Cette méthode innovatrice d’obtention du Vin de glace du Québec a suscité des controverses, surtout de la part de producteurs de l’Ontario et de L’Association des vignerons indépendants du Québec (Tarek Ben Hassen et Diane-Gabrielle Tremblay, « Labels of origin and terroir : the case of the certified wine label ‘Québec Certified Wines’ and the protected geographical indication ‘Ice wine Québec’ » (2016) 27 :1 Journal of Wine Research 41 aux pp 52, 56). Au cœur de la polémique se situe la question de la conformité de la méthode de la mise en filet des raisins au critère fédéral selon lequel le vin doit être fait exclusivement à partir de « raisins ayant gelé naturellement sur la vigne ». L’Association des vignerons du Canada considère que la nouvelle règle québécoise « diminue les exigences d’élaboration et ne satisfait pas aux pratiques de production de vin de glace à l’échelle internationale et au Canada » (AVC, « Les vignerons rejettent la norme québécoise en matière de vin de glace », 26 février 2015).
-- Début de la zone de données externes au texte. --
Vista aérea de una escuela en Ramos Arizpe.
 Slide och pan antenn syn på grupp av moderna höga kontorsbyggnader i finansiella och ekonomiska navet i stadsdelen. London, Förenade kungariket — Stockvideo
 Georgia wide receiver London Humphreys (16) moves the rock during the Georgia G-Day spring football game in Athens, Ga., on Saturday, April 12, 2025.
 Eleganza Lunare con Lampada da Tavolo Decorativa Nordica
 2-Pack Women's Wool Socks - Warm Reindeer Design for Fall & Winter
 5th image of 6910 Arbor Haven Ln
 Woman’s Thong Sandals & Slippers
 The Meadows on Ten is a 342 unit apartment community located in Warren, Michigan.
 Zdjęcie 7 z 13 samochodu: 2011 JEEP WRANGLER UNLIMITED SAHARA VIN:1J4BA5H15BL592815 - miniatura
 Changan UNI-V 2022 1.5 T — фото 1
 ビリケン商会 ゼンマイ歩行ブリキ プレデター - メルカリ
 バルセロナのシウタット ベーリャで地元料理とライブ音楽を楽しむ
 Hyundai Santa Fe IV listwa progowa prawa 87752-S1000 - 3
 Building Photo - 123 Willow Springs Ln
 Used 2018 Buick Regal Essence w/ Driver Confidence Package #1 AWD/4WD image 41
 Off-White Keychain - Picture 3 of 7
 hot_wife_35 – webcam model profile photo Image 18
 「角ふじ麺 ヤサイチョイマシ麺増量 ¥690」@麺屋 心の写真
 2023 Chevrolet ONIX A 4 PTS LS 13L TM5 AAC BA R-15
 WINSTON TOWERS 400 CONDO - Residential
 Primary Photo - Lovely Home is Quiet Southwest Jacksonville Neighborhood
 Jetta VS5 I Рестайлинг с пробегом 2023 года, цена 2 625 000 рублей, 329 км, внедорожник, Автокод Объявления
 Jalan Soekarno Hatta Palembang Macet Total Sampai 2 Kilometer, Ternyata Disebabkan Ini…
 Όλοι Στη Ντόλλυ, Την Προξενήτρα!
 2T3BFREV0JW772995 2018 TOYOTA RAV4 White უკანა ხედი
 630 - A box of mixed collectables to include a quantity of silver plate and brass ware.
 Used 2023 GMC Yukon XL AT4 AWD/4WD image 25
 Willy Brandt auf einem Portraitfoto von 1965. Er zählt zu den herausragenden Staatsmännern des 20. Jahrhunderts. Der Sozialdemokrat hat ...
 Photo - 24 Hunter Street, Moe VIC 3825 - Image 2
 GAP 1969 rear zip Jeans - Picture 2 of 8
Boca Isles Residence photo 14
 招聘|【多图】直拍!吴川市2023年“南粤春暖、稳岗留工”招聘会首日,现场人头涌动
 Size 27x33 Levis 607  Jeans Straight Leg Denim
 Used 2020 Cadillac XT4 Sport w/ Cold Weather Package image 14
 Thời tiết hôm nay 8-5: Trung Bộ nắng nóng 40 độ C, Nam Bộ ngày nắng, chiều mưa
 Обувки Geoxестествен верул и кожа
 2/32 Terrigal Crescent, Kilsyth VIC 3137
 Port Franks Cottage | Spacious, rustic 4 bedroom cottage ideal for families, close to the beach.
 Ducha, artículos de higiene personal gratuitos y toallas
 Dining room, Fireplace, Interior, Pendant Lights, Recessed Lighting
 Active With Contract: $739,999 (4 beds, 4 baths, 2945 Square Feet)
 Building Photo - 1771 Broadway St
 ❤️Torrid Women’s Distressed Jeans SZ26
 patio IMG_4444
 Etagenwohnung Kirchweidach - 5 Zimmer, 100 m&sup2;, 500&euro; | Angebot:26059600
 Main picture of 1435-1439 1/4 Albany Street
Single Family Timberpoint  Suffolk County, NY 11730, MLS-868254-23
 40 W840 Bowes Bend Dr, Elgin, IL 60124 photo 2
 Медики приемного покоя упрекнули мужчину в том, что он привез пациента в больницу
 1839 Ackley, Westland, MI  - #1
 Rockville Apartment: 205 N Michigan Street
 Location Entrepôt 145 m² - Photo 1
Ce qui est en jeu est le droit d’utiliser le terme « vin de glace » et l’accès aux marchés internationaux.

Il faut remarquer que, dans le contexte fédéral canadien, il incombe aux provinces de déterminer si un produit est fait exclusivement à partir de raisins ayant gelé naturellement sur la vigne (Règlement sur le vin de glace DORS/2014-10, art 3). Pour l’Association des vignerons du Québec et le gouvernement provincial, la nouvelle méthode consacrée dans le cahier des charges du vin de glace du Québec satisfait à l’exigence fédérale, puisque « l’important est que le raisin soit gelé de manière naturelle sur la vigne » (Karine Duplessis Piché, « Définition : entente Québec-Ottawa sur le vin de glace », La Presse (12 novembre 2012) en ligne : <www.lapresse.ca>.

Face à cette controverse, comment pourrait-on évaluer si les innovations en matière de méthode de production des produits désignés par les IGs sont souhaitables ? En fait, les IGs sont recherchées par les consommateurs à cause de leurs caractéristiques uniques et leur typicité, qui sont dues essentiellement à leurs conditions géographiques. C’est par l’arbre qu’on juge le fruit : si la méthode de mise en filet satisfait à la norme fédérale, comme le défend le Québec, et n’affecte pas les caractéristiques organoleptiques, le profil et le goût du vin de glace, on peut considérer cette innovation comme souhaitable.

À titre de conclusion, l’innovation n’est pas un élément essentiel de la définition des droits de propriété intellectuelle, puisqu’il y a des formes de propriété intellectuelle, comme les marques de commerce, qui ne comportent pas d’aspect innovateur. Malgré le fait que les IGs représentent des produits traditionnels, l’innovation peut avoir un rôle dans leurs méthodes de production. L’IGP Vin de glace du Québec en fournit un exemple. Une façon d’évaluer si l’innovation est souhaitable dans le cas des IGs est de vérifier son impact sur leurs caractéristiques uniques et typiques recherchées par le consommateur.